However, it’s evident from the size of the annual flow from MVT and cess that projects worth Rs57,000 odd crores can’t be completed without the help of considerable amount of borrowings.

‘No harm in borrowing’

It was with the single point agenda of ‘borrow today to build tomorrow’s projects’, Dr Thomas Isaac, the then finance minister, had revived KIIFB to wear a new face in 2016 with much fanfare.

Dr Isaac supervised the KIIFB’s large scale borrowing programme, which also had the controversial ‘masala bond’, that raised Rs2,150 crore loan in 2019, from overseas.

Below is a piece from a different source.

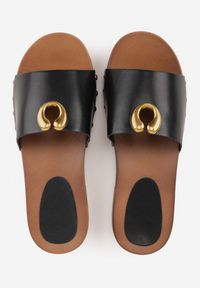 Renee - Czarne Klapki Ozdobione Nitami i Metaliczną Aplikacją Doviana. Okazja: na co dzień. Kolor: czarny. Wzór: aplikacja. Styl: casual, boho #6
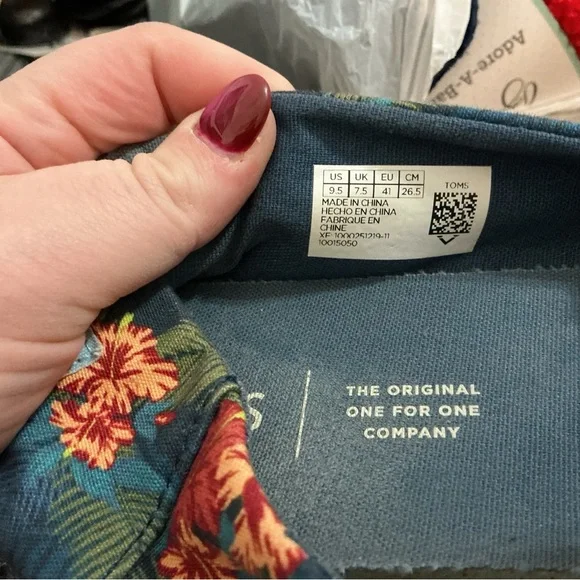 Toms Blue Floral Hawaiian Slip-Ons, size 9.5 - Picture 4 of 5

In fact, Enforcement Directorate (ED) has been after Dr Isaac to question him on the propriety of KIIFB raising rupee loan from an overseas entity. 

Catch-22

But Centre’s stand on KIIFB’s borrowing from the market has played the spoilsport. KIIFB has been caught in a tight spot as to how the tens of thousands of crores worth remaining projects could be funded without borrowed funds.

Centre has unequivocally stated that the borrowings guaranteed by the Government of Kerala (GoK) are required to be counted as government borrowings and hence will be part of the state’s net borrowing ceiling (NBC), which will in effect clip the financial wings of the state.

“However, KIIFB remains strategically important to Government of Kerala to implement infrastructure and welfare schemes, and the government has permitted the entity to move forward with their borrowing plans for this fiscal,” CRISIL Ratings said in a report a few days ago.

The agency said while the approved borrowing limit for KIIFB in fiscal 2024 was Rs10,000 crore, KIIFB received sanction of Rs5,000 crore. For fiscal 2025, the borrowing plan approved by the board is Rs10,000 crore.